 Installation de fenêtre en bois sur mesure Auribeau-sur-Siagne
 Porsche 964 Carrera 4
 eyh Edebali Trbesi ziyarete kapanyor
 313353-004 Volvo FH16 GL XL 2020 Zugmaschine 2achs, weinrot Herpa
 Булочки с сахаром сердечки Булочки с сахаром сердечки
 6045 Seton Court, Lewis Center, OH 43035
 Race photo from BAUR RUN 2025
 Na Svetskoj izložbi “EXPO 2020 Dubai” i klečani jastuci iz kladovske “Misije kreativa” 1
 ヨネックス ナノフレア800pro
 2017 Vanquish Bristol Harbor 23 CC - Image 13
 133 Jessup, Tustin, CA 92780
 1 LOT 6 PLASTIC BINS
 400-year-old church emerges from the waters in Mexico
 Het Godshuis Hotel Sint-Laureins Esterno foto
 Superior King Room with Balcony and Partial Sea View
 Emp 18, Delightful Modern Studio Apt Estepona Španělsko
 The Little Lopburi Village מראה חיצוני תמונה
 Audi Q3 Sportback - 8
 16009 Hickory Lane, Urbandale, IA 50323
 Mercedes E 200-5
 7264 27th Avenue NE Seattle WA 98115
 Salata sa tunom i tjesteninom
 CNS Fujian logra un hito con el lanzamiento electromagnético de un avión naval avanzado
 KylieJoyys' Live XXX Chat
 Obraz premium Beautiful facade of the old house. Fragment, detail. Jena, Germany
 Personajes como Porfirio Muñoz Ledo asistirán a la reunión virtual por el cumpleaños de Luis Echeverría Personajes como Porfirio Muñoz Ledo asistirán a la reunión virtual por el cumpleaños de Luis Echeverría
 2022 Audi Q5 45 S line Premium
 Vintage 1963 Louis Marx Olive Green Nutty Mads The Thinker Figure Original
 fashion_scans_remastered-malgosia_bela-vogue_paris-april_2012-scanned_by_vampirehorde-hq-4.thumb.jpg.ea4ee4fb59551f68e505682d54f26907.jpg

**Exercise objective**
Taking the material above, extract exactly and only the lines from the line with "Audi Q3 Sportback - 8" to the line with "KylieJoyys' Live XXX Chat", inclusive of both.

**Solution below**
 Audi Q3 Sportback - 8
 16009 Hickory Lane, Urbandale, IA 50323
 Mercedes E 200-5
 7264 27th Avenue NE Seattle WA 98115
 Salata sa tunom i tjesteninom
 CNS Fujian logra un hito con el lanzamiento electromagnético de un avión naval avanzado
 KylieJoyys' Live XXX Chat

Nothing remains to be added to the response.